◆ Activity ◆
Would you return the lines that run from the start of the data below to the line with "Olive Branch Cufflinks", both included, exactly as written and without pictures?

◆ Stored items ◆
————————

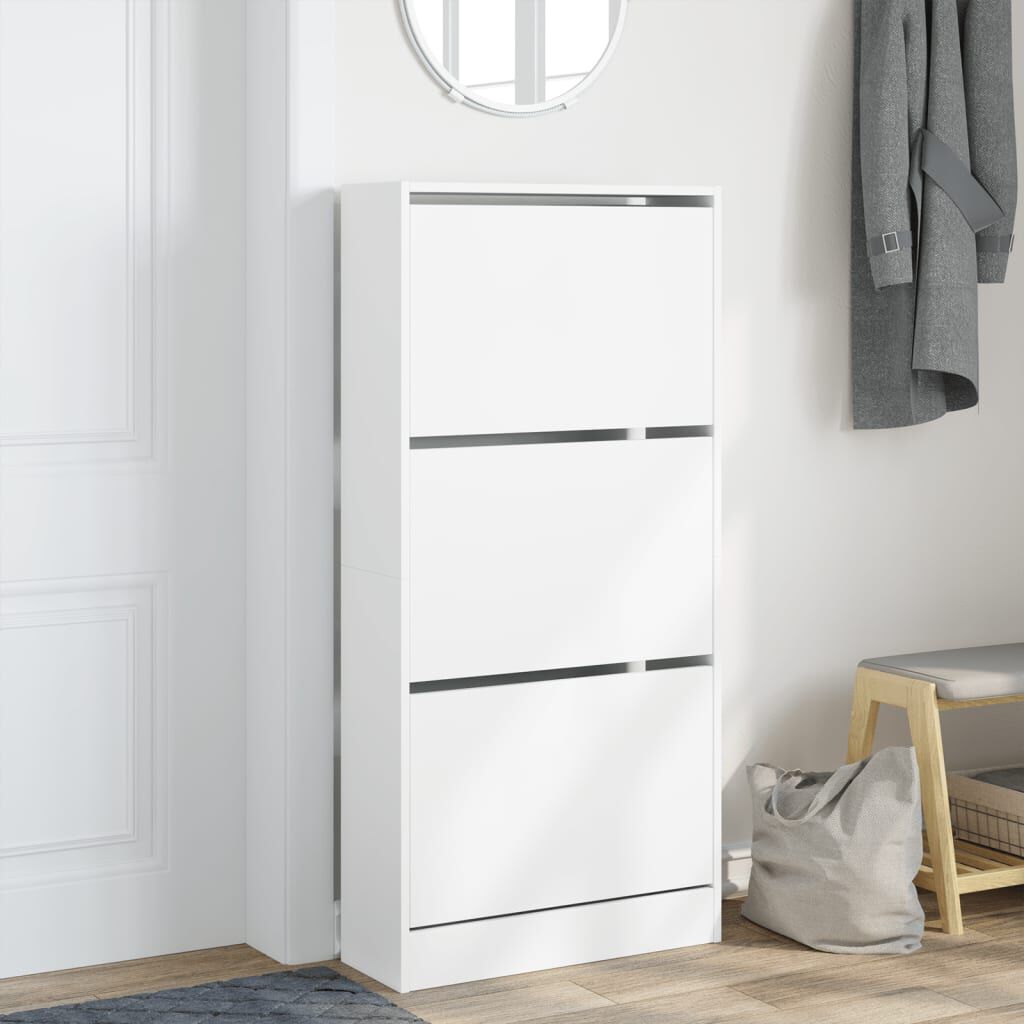vidaXL Παπουτσοθήκη Λευκή 60x21x125,5 εκ. από Επεξεργασμένο Ξύλο
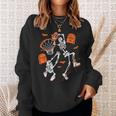 Spooky Skeleton Dunking Basketball Graveyard Halloween Sweatshirt Gifts for Her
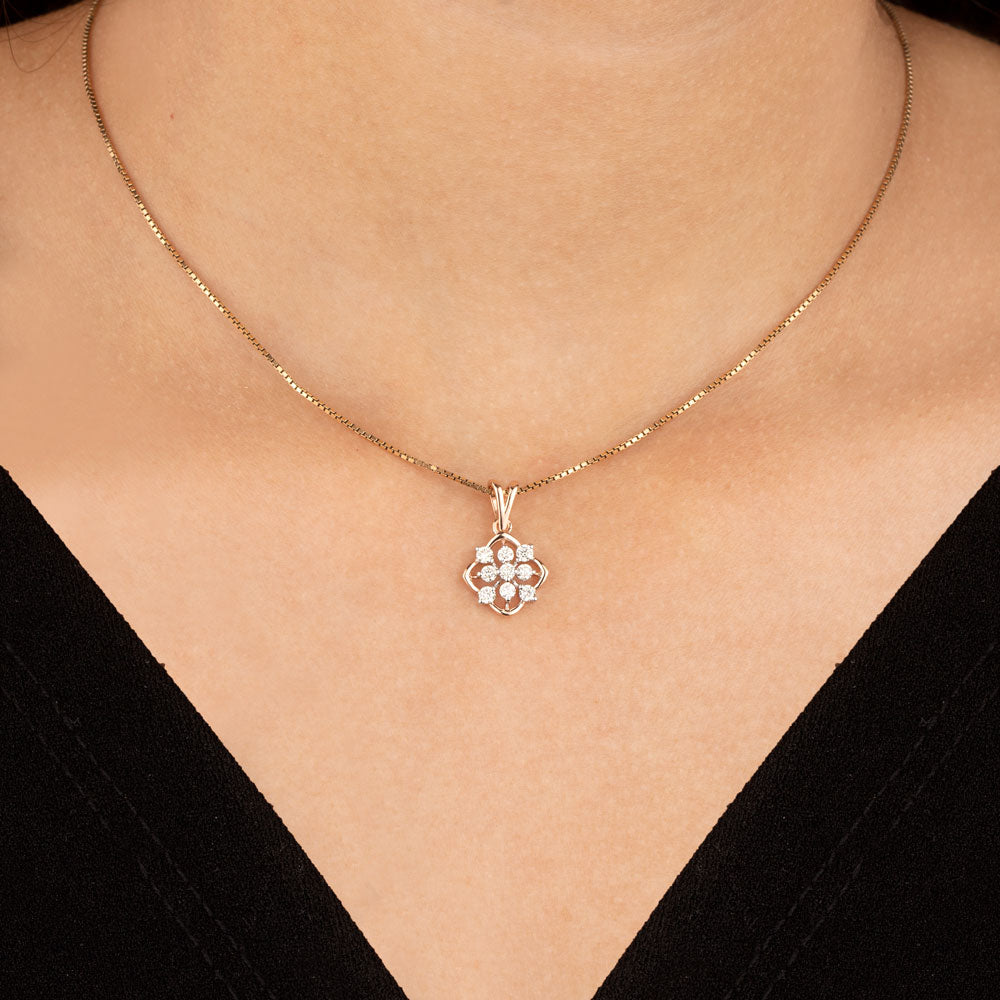 14K Rose Gold Diamond Pendant - 0.362ct VVS-VS-JK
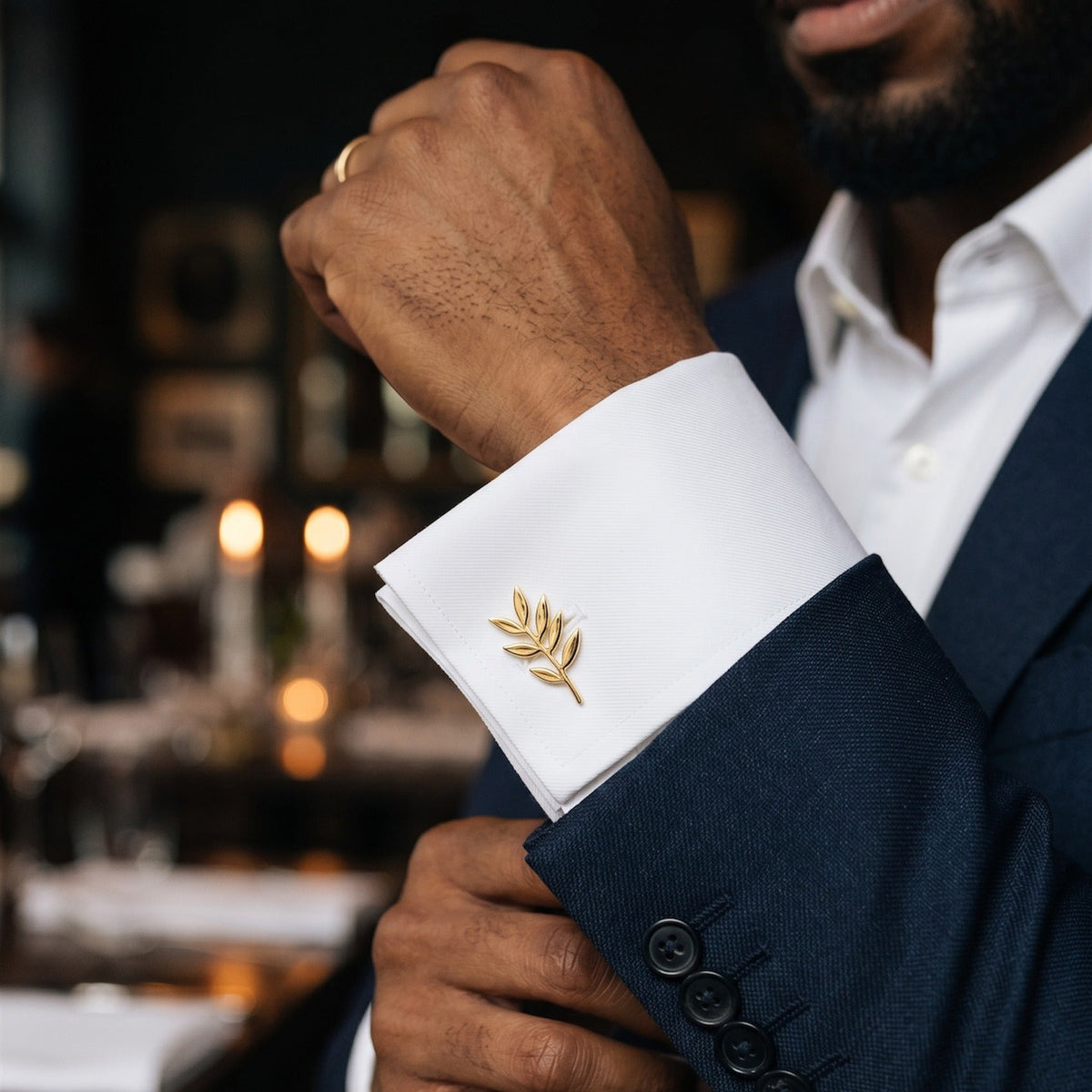 Olive Branch Cufflinks | Personalized Engraved Wedding Gift for Groom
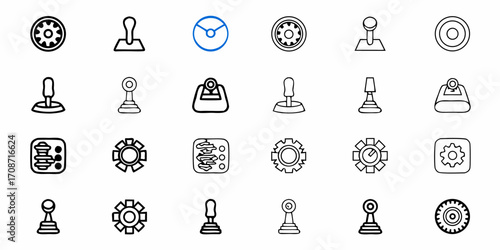 Discover dynamic icons representing gears, joysticks, and stamps, perfect for modern tech, gaming, and business projects needing a creative, abstract touch.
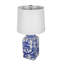 Lampe de vase en céramique bleue et blanche D13x25 "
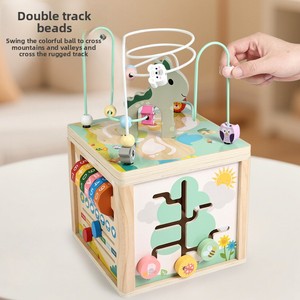 Jouet éducatif multifonctionnel <span class=keywords><strong>en</strong></span> <span class=keywords><strong>bois</strong></span> pour enfants : Boîte au trésor Baibao avec <span class=keywords><strong>perles</strong></span> rotatives pour l'éveil et la motricité fine - Product Image 3
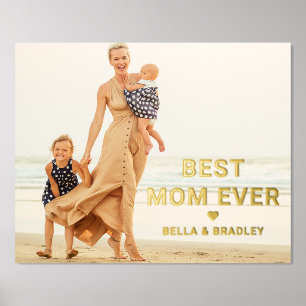 Cute BEST MOM EVER Heart Mother's Day Photo Foil Prints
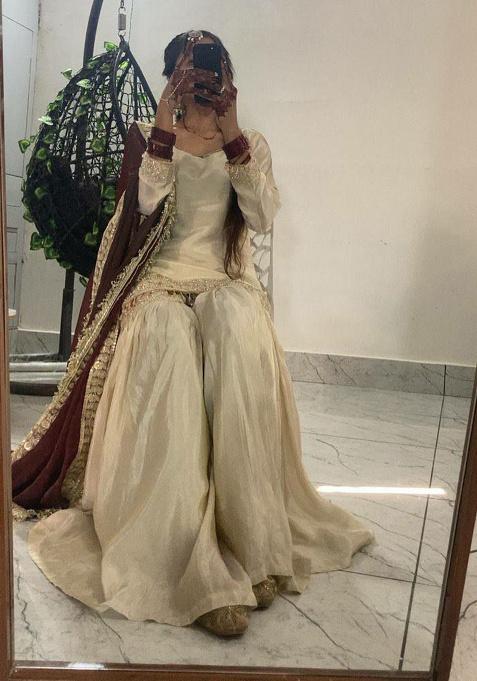 Beige Embroidery Chinnon Kurta Set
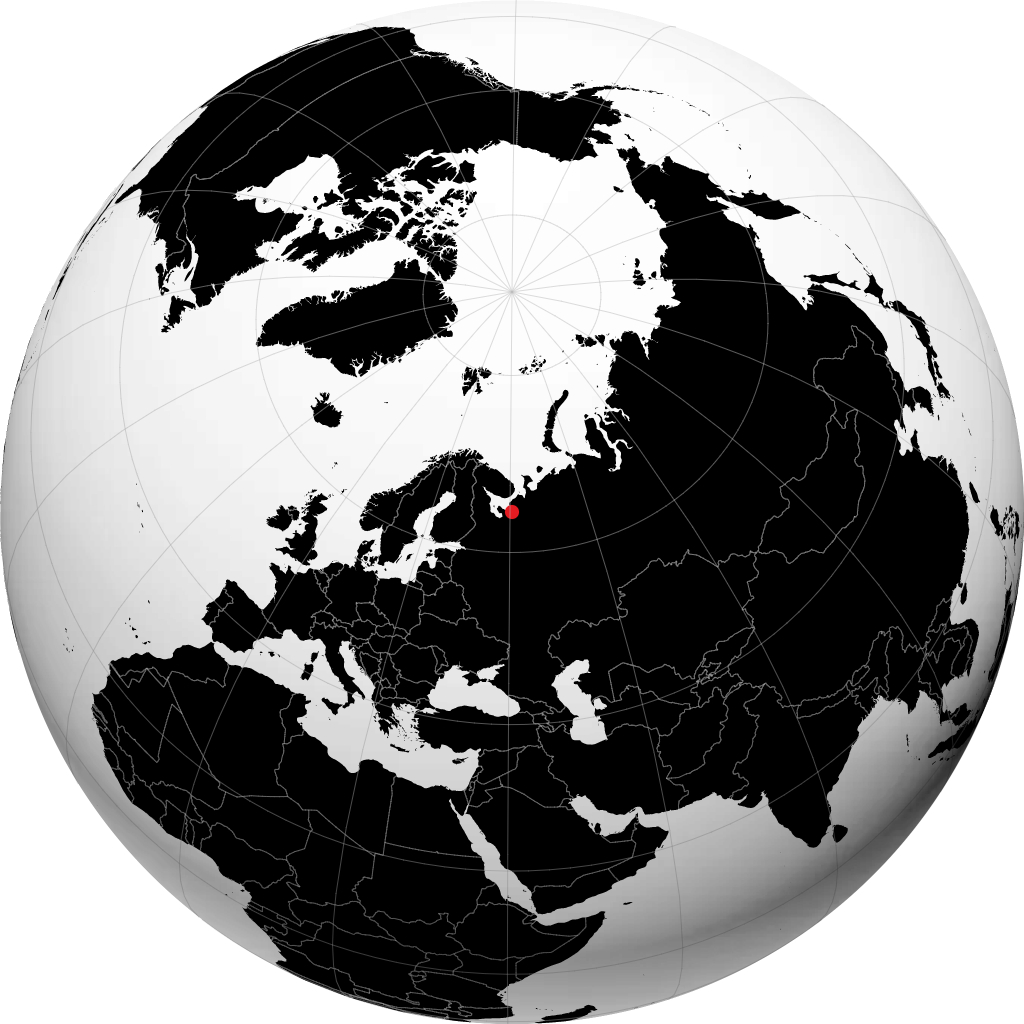 Archangelsk auf dem Globus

————————

◆ Answer ◆
vidaXL Παπουτσοθήκη Λευκή 60x21x125,5 εκ. από Επεξεργασμένο Ξύλο
 Spooky Skeleton Dunking Basketball Graveyard Halloween Sweatshirt Gifts for Her
 14K Rose Gold Diamond Pendant - 0.362ct VVS-VS-JK
 Olive Branch Cufflinks | Personalized Engraved Wedding Gift for Groom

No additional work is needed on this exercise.